Tomato sauce in a bottle aka tomato ketchup

Yes the stuff that Australians put on everything, but particularly sausage rolls and meat pies. It actually has its place - although not necessarily with the sausage rolls and meat pies and you can find lots of recipes for making your own online. I think I've written about it in detail before, so I won't go on about it here. From memory I'm thinking it's probably at least connected to the Anglo-Indian strain of cooking.


And by the way there is a new cookbook out called Desi Kitchen by Sarah Woods which is an exploration of Indian food as cooked in England. Modern Anglo-Indian food I guess. I might buy that if I see it somewhere.

Fresh tomato sauce

Salsa fresca I suppose. But not tomato salsa - which I shall come to. No this is a pasta sauce, indeed a tomato pasta sauce, but an uncooked one, which is why it's called 'fresh'. Being fresh it's made with fresh tomatoes not tinned ones - which actually seems to be the preferred major ingredient for the classic Salsa al pomodoro.

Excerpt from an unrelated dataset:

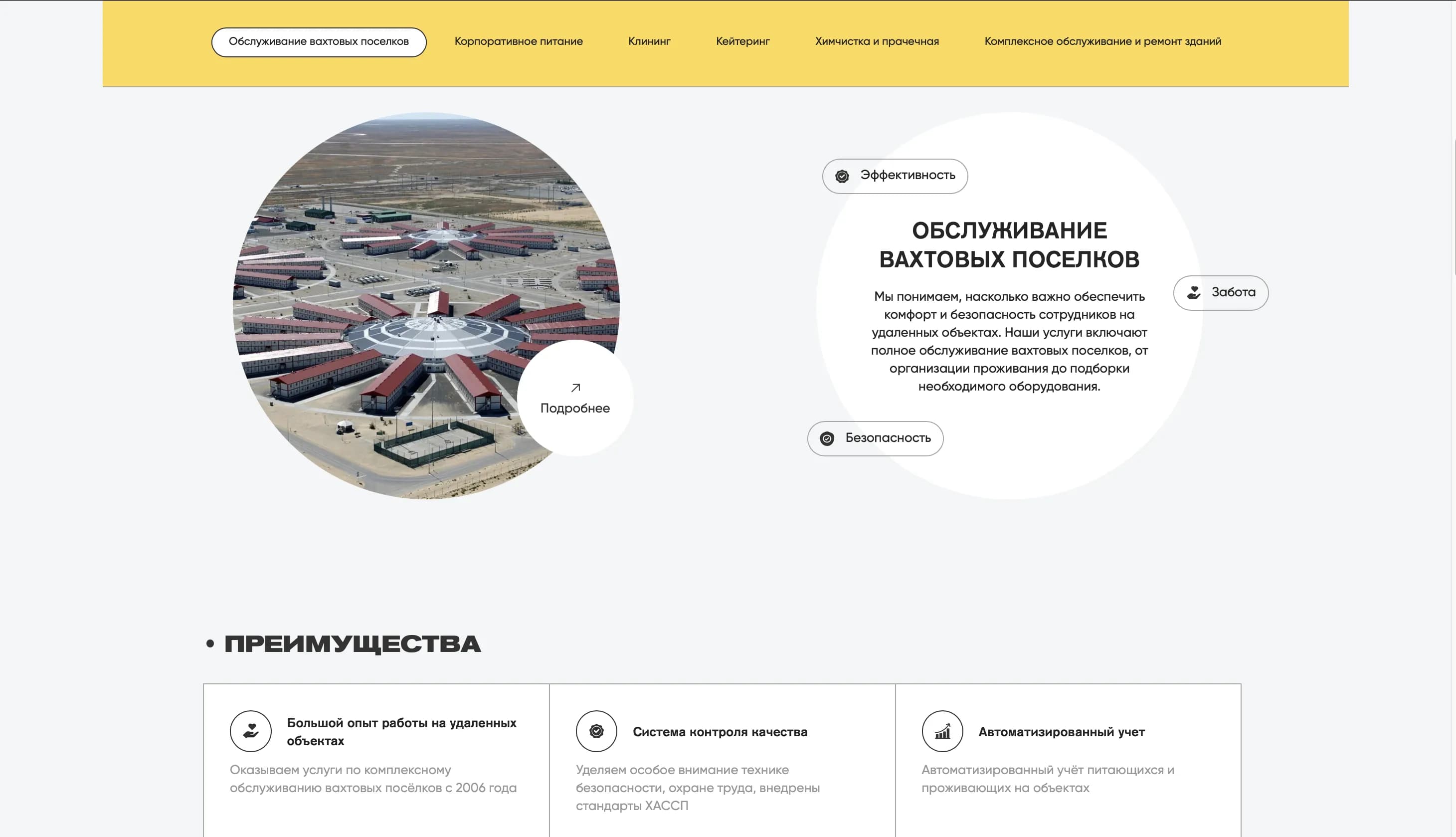 Разработка веб сайта и SEO для Европейской сервисной компании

This version is from Taste of Home but there are countless other ones on the net. As many as there are for 'ordinary' tomato sauce. For summer.

Marinara

We all know that marinara sauce has nothing to do with seafood - although there are connections to sailors - well fishermen. Some say it's a simple sauce they made for their fish on the boats, others that their wives cooked it up for them at home. Nevertheless I have a real problem with this one. There really doesn't seem to be a reliable definition of the difference from your standard tomato sauce. Some said it's lighter, but if you look at all the pictures they all look the same. Just know that marinara sauce should be a tomato sauce not a seafood one.

Puttanesca

This one is from Naples and is tomato sauce spiced up with olives, chillies, capers and anchovies. The version shown here is Delia's. It's called puttanesca after the Italian for a prostitute. Delia features it in her Summer Cooking book as an ideal vegetarian meal. which it is. As she says:


"Presumably the sauce has adopted this name because it's hot, strong and gutsy"



All'Amatriciana

"Authentic bucatini all'amatriciana is made with chewy bucatini pasta (a type of thicker, hollow spaghetti), tossed with a rich sauce made from tomatoes, caramelized onion, dried chile pepper, and plenty of deeply savory cured guanciale."


So says the Food and Wine website, and this is the version from Italian Food Boss. Guanciale is a bit difficult to get hold of though, so use pancetta instead.

Arrabiata

Again I turn to Serious Eats although this time it's Daniel Gritzer who tells you how, beginning with:


"You have two main decisions, when making arrabbiata. The first is what kind of tomato sauce you want to use, and the other is how spicy you want to make it."


Well that supposedly simple statement opens up a whole world of possibilities. Simple is not necessarily simple. Arrabiata means angry. So I shall say no more. Angry in this instance meaning hot.


Pizzaiola

"Pizzaiola sauce is so called because it features the typical pizza ingredients – olive oil, garlic, oregano and tomatoes" BBC Good Food

It's also a sauce most commonly associated with steak although as Gennaro Contaldo, below, says - you can use if for almost everything. Tomato sauce with everything really.


Salsa

Tomatoes, of course, came from the Americas, so I'll conclude with a tomato salsa. And I'm sure there as many versions of a tomato salsa as there are tomato sauces. I mean I haven't even looked at tomato sauces from the rest of the world. In some ways I suppose a Mexican kind of salsa could be compared with the fresh Italian sauce although it's used differently. As an accompaniment usually rather than as something you mix into something else. This one is Classic tomato salsa from Jamie Oliver who is not Italian, but who obviously has a massive love for all things Italian, and has written two specifically Italian cookbooks. Both worth having on your shelf.